With Adams, as well as the Trump administration’s moves to drop the case and gut any remaining independence out of the Department of Justice, damn the consequences, we have perhaps arrived at the logical endpoint of these arrangements. Trump is, as everyone is fully aware, the American president with far and away the most foreign financial entanglements, from his Trump Organization inking new deals in places like Oman and Vietnam to the Saudi-backed LIV Golf hosting tournaments at Trump properties, to all of the ways foreign regimes can back Trump’s new memecoin. And that’s not even including all of the ongoing questions about, say, whether the Egyptian dictatorship plowed millions of dollars into Trump’s first campaign—helping launch Trump to the White House in the first place.

It’s unlikely we’ll ever get an answer to the latter point because Trump, in less than a month into his second term, has decimated all of the United States’ remaining anti-corruption credentials. But it would hardly be surprising if Cairo did so, not least because the Egyptian dictatorship was recently outed as secretly bankrolling one of America’s most prominent senators—a man who realized, allegedly alongside Adams, just how much boodle could be made by opening the doors of American politics to foreign regimes’ dirty money.

This is a reality that American politicians, led by Trump and Adams, will only rub in Americans’ faces more and more in coming years. And a vicious cycle may be slouching toward Washington to be born, as other American politicians realize that, moving forward, in order to keep up with their opponents’ spending, they’ll have to look to non-American sources of their own just to keep pace. It will be an accelerating downward spiral, with no bottom in sight.
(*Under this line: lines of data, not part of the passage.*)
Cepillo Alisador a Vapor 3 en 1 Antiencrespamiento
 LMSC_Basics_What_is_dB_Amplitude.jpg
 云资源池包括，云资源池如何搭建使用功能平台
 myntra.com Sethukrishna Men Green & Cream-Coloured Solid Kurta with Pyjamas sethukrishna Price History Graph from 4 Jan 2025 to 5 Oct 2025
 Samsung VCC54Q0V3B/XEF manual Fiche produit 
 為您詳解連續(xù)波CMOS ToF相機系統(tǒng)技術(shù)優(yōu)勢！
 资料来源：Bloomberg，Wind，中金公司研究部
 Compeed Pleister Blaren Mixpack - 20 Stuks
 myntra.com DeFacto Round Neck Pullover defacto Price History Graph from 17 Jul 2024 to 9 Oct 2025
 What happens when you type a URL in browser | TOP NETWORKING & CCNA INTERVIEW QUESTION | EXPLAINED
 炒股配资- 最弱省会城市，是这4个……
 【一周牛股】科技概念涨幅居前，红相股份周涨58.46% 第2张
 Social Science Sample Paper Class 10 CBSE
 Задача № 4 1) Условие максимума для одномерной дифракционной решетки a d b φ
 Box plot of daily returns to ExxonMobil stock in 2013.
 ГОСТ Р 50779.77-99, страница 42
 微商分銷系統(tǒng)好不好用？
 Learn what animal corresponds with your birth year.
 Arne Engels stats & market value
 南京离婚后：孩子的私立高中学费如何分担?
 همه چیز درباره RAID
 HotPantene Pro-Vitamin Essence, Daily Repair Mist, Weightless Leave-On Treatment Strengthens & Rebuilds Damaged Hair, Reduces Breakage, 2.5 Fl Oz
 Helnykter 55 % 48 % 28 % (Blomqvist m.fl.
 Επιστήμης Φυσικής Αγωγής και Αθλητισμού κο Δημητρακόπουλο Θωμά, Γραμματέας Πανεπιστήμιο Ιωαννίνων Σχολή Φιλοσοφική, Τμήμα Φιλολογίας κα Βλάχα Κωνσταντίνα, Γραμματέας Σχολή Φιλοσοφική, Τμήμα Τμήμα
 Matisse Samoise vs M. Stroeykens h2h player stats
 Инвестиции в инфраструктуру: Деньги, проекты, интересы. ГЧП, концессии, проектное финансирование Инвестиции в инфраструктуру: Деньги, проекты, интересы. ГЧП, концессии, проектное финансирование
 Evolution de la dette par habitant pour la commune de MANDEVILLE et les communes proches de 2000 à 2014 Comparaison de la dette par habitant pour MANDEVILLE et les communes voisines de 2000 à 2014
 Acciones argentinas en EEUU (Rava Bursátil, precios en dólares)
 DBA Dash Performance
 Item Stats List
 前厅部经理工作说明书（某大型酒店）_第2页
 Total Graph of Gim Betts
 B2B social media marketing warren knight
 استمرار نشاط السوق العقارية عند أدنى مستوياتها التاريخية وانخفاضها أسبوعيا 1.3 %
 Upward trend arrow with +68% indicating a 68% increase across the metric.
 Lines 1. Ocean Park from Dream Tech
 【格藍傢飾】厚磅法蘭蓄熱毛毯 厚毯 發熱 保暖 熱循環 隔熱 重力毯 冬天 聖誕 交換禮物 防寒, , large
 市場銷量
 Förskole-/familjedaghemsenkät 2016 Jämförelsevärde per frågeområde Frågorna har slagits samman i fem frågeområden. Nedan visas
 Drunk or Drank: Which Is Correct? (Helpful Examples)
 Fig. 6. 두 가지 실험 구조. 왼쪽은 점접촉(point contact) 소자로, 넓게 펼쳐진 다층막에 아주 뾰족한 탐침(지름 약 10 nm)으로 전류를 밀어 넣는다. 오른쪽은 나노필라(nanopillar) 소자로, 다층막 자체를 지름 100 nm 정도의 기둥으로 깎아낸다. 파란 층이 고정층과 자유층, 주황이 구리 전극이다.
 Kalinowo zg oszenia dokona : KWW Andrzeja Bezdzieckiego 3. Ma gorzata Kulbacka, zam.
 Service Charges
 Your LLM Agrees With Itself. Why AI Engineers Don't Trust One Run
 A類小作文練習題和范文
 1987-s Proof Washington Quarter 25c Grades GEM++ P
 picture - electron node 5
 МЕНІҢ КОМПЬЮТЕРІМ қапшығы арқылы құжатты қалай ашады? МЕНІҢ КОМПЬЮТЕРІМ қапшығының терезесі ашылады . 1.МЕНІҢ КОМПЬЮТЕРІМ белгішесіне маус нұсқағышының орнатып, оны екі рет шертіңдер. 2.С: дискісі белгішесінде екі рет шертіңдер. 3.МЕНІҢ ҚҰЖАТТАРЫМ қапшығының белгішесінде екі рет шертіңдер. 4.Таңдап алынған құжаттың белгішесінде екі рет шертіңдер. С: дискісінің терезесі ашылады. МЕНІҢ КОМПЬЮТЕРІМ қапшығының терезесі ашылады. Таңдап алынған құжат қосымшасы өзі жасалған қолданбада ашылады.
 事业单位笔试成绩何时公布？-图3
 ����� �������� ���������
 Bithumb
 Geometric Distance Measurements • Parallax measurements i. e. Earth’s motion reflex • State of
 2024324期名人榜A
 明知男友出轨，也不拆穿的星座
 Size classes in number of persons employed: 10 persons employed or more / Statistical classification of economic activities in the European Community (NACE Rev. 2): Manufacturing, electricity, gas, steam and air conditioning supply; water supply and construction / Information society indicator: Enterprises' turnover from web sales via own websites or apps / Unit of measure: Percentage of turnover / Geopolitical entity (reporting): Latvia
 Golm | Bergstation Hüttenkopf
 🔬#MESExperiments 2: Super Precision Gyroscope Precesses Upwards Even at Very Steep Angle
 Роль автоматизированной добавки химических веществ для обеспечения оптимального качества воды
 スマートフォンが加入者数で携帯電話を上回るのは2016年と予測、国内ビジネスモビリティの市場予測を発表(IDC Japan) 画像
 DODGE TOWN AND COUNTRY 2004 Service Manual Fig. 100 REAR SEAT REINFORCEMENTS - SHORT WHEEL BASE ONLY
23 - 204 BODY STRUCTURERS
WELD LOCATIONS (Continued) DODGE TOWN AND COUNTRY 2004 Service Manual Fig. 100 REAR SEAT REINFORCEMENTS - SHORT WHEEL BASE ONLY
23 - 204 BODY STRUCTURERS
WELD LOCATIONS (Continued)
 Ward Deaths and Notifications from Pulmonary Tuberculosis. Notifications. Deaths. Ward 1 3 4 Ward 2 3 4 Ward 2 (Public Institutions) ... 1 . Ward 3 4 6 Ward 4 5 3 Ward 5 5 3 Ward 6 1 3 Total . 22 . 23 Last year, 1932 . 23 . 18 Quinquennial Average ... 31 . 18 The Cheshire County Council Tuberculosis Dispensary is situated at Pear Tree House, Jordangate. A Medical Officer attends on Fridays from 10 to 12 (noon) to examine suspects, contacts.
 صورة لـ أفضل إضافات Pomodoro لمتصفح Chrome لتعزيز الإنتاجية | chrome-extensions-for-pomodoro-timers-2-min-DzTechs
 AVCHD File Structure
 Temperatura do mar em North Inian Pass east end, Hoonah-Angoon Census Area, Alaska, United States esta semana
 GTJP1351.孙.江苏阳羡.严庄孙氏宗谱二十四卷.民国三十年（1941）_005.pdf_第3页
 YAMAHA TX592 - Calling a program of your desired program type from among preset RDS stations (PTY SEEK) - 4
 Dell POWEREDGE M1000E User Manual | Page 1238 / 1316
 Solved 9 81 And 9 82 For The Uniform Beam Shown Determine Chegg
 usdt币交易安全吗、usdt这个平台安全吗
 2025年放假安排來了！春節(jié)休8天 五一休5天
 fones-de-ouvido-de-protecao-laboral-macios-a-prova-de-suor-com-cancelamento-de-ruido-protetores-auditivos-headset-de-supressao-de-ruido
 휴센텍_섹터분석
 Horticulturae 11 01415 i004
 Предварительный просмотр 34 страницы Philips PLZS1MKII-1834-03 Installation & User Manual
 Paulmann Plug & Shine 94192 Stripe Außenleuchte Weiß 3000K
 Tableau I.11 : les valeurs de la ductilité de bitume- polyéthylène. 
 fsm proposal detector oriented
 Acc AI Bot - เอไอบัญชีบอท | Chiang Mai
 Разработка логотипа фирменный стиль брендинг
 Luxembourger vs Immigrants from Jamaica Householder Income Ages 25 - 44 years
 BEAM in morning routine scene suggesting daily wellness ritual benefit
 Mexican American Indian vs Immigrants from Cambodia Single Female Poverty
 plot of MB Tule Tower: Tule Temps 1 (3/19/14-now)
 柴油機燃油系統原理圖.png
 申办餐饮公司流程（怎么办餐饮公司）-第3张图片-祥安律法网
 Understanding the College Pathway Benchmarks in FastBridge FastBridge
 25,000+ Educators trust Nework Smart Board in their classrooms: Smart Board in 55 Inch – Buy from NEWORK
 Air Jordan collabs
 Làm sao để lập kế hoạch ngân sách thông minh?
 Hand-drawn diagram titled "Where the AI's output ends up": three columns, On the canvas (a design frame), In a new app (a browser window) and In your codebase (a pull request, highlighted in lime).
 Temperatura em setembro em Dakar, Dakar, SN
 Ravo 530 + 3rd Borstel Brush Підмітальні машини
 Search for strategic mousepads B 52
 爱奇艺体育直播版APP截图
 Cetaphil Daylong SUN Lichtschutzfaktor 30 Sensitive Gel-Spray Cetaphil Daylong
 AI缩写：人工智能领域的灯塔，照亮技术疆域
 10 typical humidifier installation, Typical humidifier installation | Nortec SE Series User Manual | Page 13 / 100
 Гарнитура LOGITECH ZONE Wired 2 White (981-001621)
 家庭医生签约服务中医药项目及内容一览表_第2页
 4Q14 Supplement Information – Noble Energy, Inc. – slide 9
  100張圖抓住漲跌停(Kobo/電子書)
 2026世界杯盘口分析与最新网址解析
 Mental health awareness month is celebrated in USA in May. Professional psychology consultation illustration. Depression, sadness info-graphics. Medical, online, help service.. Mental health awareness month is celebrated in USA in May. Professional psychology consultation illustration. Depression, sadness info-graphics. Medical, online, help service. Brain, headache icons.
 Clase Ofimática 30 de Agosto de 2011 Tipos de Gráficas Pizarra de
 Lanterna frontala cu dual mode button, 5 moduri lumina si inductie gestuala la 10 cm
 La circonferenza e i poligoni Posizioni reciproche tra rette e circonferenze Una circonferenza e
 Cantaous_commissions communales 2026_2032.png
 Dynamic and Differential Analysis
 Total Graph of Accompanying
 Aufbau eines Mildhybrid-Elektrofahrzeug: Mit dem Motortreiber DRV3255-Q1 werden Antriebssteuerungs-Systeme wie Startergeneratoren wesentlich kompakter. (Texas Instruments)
Lifting any consequences for Adams’s alleged malfeasance—eliminating any costs for Adams allegedly succoring foreign regimes and tapping into the bottomless pool of dirty money sloshing around the world—means that other politicians around the country, and regimes around the world, will only come to one, inescapable conclusion. The days of prosecutors targeting American officials who accept foreign funding are over. The days of American elections being funded, and decided, by Americans are done. A new era is dawning, all thanks to Eric Adams, and the corrupt president who came to his rescue.